15 Mayıs 1991 günü Abra’nın ilk sayısı yayınlandı. Giriş yazıları Torpak ve Katılım dergilerinin yeni dergiye neden gerek duyulduğuna dairdi. Katılım adına yazıya imzasına atan Kaya Özkaracalar şöyle diyordu:
“ODTÜ’deki bütün demokrat öğrencilere seslenen, onların katkılarına açık. Çok seslilik ve çeşitlilik içinde birlik ilkelerini baş tacı eden, gönüllük ve eşit haklılık temelinde tam demokratik olarak işleyen bir dergi çıktığı sürece Katılım’ın yayını durdurmayı ve kaynaklarımızı yeni dergiye aktarmayı 23 Nisan 1991 tarihinde yaptığımız toplantıda kararlaştırdık.”
Toprak dergisi adına kaleme alınan yazıda da yeni dergiden beklenenin “üniversitede en geniş demokrat kitleye ulayarak birlikte karar alma sürecine katkıda bulunmak” olduğu belirtiliyordu.

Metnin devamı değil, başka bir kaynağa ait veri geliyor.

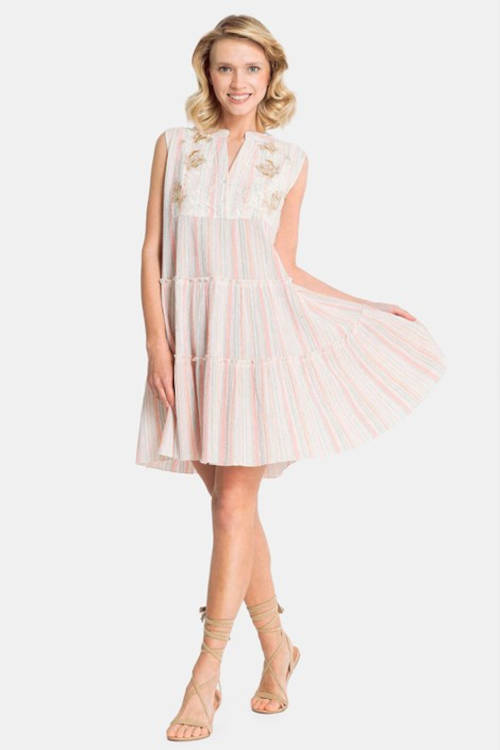 dámské letní bavlněné šaty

“Teraziyi dengelemek için hafif gelen kefesine konulan ağırlık” anlamına gelen Abra, bu ilkelerle yola çıktı; kurucu kadro yavaş yavaş mezun olup ODTÜ’den ve dergiden uzaklaşsa da yeni katılımlarla 1996 yılı sonlarına kadar yayınını sürdürdü.